I was thinking the other day
About the joy that came my way,
How He took away my frown
and all those things that had me bound.
I thought about all those times
When I was walking around in a daze,
but now I stand before You
with nothing but praise.
Oh Lord!
No matter what plagued her, Robin often found comfort in the church, her parents said.
Both are devout Christians, and Leroy West — the son of a pastor — also recently got ordained and now serves as assistant pastor at Bible Fellowship Church of God in North Philly. Anita Mason sings in the choir at Sanctuary Church of the Open Door in West Philly.
Robin often accompanied them to services, where she sang in the choir, too.
Such spirituality has helped Anita Mason find closure.
“My acceptance is that God doesn’t make mistakes, you know, and that He said that it was enough,” she said. “She (Robin) had done everything that He had planned for her to do, and it was time to go home. I asked God just to keep and protect Robin, and in that keeping and protecting her, part of it was calling her home. I know she’s up there, happy, smiling down on us. And I know my mom’s up there with her.”
But for Leroy West, peace remains elusive, even though as a pastor, he preaches forgiveness.
“I’ve been in the church all my life. I love the Lord. [But] I’m not there yet. Not there yet. You took something from me that was very precious,” he said. “Now I’ll never see her graduate, I’ll never see her walk down the aisle, I’ll never see her have a child. It’s gone. The only thing I have is memories and a cross that I wear around my neck with her ashes in it. That’s all I got. So I’m not there. I can’t sit here and say I forgive him. I can’t sit here and say, I’ll be able to forgive him. Because at the end of the day, no matter what the judge says, no matter whether he goes to jail, how much time he gets or whatever, when I go home, she won’t be there.”
Robin’s parents have gone to most of his court appearances.
“I need to make Robin’s face present — you see, we look alike. People say she’s my twin; she was lighter than me, that’s all. I have to represent Robin,” Anita Mason said. “And I know if something would have happened to me, she would have been there every day just to see that justice is served.”
But it’s not easy.
“There’s a rage inside of me, my legs start shaking,” Leroy West said, of seeing Robin’s accused killer in court. “You’re looking at someone who looked my daughter in the eye and saw the life leave her body. I never even got a good-bye.”

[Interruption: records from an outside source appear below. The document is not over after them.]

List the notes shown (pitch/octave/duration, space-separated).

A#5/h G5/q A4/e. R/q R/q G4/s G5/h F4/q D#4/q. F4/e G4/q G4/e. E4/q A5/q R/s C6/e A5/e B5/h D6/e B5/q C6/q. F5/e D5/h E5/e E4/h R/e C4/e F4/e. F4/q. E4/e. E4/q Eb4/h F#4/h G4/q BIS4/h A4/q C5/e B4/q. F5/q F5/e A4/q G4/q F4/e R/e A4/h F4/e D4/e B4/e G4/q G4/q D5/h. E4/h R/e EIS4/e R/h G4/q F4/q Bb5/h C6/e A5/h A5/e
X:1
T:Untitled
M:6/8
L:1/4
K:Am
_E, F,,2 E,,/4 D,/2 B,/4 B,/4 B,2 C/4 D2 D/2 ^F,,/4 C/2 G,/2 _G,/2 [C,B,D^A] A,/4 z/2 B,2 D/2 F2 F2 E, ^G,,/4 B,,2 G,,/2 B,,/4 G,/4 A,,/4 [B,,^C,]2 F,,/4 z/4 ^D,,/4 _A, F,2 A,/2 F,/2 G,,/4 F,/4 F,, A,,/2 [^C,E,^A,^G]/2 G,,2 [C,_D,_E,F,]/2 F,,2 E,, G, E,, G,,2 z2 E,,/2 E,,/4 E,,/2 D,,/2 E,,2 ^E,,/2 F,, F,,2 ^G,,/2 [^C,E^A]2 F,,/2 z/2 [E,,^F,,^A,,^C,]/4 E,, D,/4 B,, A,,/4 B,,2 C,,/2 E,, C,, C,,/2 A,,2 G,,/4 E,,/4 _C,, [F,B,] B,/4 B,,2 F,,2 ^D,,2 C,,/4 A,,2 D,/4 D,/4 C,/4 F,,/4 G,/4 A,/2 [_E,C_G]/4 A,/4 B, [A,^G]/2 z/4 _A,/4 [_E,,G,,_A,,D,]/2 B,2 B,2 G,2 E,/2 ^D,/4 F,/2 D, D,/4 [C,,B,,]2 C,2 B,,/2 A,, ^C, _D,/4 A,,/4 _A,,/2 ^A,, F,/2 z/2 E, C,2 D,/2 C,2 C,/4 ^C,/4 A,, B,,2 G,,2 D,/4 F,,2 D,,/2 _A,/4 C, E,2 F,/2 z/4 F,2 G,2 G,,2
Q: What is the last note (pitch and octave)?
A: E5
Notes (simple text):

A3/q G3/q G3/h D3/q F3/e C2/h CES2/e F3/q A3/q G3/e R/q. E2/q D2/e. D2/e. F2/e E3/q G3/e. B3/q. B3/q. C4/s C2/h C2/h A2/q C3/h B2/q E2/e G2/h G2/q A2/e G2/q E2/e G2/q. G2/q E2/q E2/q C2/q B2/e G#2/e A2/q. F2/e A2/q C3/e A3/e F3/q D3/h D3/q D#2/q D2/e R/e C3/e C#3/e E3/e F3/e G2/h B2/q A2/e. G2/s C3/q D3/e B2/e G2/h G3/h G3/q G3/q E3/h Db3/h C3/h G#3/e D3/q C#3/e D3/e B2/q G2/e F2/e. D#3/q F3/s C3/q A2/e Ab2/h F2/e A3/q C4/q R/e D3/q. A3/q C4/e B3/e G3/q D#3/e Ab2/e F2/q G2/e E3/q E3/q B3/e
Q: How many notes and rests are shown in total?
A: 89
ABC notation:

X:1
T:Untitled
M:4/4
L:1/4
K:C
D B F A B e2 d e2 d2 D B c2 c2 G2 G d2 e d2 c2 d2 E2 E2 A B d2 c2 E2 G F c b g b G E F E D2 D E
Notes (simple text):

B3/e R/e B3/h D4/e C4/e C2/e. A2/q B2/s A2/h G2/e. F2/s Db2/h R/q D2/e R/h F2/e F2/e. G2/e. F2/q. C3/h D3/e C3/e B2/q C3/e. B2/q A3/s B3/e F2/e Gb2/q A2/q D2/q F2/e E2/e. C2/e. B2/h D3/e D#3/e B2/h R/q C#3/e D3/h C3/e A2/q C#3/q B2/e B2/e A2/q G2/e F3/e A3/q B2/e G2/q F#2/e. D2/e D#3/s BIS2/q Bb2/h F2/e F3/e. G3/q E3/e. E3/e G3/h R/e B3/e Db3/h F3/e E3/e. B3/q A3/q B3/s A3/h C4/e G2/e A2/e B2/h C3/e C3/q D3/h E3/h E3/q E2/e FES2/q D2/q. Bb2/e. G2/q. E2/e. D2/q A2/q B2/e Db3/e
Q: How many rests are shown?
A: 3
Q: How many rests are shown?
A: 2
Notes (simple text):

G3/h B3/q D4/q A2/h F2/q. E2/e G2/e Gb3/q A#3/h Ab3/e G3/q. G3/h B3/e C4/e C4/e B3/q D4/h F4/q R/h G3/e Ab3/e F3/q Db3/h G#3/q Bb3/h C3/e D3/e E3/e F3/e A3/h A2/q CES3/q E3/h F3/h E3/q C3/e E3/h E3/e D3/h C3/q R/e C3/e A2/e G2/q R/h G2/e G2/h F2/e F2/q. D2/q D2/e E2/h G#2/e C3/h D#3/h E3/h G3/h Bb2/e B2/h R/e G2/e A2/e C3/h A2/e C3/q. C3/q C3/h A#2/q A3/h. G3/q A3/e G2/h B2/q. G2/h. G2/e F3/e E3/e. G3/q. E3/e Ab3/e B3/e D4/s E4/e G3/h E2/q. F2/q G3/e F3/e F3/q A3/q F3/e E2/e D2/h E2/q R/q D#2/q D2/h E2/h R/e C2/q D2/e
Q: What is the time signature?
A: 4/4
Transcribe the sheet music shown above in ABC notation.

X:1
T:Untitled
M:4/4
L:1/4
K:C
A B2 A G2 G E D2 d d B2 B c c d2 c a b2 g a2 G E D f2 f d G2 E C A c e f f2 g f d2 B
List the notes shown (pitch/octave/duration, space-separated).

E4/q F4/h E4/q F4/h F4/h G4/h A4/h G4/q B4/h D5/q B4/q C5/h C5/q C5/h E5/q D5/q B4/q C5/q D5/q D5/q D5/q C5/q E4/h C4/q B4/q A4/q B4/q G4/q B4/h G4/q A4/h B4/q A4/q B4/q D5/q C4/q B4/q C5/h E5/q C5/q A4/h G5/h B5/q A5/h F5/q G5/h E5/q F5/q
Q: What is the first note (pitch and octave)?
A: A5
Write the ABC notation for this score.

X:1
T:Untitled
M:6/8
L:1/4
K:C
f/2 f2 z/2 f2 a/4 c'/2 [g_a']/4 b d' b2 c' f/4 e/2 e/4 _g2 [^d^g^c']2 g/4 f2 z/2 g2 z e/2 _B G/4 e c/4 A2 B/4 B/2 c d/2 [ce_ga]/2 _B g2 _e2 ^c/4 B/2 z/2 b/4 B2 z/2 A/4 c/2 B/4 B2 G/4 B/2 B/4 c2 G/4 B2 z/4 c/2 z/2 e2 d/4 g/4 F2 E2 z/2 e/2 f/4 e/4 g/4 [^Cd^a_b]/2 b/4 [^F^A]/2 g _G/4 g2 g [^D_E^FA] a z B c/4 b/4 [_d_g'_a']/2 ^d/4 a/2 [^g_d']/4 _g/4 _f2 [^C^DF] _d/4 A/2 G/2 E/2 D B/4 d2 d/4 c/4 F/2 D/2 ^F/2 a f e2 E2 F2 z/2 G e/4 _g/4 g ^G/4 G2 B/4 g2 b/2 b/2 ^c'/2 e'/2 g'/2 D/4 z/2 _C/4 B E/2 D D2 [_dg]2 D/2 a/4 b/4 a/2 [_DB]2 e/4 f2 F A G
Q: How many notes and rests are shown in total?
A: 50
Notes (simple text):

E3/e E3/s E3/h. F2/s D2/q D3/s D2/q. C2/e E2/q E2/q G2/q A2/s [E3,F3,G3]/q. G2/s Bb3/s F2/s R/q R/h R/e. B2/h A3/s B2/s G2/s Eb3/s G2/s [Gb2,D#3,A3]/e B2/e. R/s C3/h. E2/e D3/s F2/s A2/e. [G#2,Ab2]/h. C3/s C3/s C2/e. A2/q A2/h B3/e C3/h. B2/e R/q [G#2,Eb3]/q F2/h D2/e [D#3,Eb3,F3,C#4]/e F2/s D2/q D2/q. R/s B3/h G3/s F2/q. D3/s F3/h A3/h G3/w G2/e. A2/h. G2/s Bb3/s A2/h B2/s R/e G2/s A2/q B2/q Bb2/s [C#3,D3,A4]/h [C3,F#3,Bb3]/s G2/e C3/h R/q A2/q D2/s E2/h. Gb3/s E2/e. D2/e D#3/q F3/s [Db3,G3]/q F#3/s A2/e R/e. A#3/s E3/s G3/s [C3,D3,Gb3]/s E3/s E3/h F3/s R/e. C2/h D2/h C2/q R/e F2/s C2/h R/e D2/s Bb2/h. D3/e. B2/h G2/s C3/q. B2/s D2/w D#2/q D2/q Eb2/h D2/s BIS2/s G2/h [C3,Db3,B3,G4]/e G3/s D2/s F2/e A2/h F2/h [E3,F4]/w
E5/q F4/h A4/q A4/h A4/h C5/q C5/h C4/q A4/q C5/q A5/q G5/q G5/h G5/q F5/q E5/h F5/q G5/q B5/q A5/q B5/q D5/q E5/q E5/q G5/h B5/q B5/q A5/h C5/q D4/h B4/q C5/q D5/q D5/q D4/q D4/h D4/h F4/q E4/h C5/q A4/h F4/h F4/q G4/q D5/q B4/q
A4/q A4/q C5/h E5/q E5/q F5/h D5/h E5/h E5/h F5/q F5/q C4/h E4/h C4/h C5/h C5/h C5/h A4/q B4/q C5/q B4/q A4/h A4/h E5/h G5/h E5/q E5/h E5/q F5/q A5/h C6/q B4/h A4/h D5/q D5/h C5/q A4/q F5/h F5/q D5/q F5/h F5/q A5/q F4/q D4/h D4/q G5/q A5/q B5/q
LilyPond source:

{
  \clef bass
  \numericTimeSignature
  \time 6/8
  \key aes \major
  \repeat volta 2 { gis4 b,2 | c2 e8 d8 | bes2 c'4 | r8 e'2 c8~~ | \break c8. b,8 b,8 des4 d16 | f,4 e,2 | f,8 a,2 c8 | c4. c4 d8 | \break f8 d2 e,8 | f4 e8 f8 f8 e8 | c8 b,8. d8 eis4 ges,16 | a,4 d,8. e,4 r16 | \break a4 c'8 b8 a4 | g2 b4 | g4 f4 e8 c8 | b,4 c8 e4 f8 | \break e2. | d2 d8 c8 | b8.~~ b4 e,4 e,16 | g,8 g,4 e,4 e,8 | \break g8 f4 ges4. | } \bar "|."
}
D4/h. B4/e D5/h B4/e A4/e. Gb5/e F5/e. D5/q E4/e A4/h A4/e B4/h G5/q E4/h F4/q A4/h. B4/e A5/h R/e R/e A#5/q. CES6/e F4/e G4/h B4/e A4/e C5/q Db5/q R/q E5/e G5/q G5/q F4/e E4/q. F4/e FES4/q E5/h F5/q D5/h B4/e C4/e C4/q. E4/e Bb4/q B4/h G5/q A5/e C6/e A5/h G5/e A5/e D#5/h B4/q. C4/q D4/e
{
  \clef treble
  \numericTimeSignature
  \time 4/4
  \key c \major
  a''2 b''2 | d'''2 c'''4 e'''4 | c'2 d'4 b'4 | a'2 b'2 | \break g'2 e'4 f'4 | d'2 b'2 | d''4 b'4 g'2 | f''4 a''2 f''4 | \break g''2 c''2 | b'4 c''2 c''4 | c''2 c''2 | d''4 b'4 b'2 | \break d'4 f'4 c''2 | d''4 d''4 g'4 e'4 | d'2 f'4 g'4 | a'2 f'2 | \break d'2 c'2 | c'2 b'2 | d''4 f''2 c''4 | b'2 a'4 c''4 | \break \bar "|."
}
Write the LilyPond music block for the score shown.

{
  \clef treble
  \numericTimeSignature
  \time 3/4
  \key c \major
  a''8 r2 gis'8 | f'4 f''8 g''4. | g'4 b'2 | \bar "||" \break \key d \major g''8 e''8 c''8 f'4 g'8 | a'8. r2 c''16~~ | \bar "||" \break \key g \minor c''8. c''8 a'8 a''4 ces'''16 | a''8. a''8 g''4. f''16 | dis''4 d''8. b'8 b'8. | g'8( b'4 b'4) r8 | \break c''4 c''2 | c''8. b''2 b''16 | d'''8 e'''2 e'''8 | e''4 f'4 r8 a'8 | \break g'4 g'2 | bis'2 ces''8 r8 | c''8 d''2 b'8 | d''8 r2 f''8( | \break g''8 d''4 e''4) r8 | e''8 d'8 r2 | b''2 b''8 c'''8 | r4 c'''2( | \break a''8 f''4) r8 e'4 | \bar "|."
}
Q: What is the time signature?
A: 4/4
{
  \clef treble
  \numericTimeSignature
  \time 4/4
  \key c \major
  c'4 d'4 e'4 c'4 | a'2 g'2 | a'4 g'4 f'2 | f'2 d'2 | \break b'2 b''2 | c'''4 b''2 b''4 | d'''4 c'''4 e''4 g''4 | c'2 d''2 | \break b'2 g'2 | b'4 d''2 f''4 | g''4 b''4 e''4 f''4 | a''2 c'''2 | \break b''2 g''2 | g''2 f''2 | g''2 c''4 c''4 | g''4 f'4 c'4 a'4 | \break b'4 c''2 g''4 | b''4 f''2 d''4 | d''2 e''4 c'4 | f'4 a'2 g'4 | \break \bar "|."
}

Still, they try to not to dwell on the heartache.
They smile as they tell stories about Robin.
She was a good dancer who liked to make people laugh, her cousin said, and sometimes those two facts collided with hilarious effect, like the time Robin threw out her arms in the sprinkler dance — and sprinklered her way right off the front porch.
“She just got up and started cracking up, like she didn’t hurt herself — she fell on concrete! But she got up and just was still laughing,” Zina Mason said. “It’s like: ‘Robin’s so crazy! Are you OK?’ She said: ‘I’m fine! I’m fine!’ She really did like to make people laugh.”
To keep her memory alive, Leroy West has started a scholarship in Robin’s name at Frankford High School, where he aims to give $500 each year to a deserving student who maintains at least a 2.75 GPA, is involved in something positive, and writes an essay about why they deserve the scholarship.
“She is very much missed,” Leroy West said.
Still, he added: “God knows better than I do. Sometimes when we say: ‘Lord, I need you to heal this person, I need you to make this thing better,’ sometimes, being called home is the healing. We worried about Robin all the time — where she’s at, what she’s doing, who she’s with. But we don’t worry anymore. We know she’s safe, and she’s in a better place.”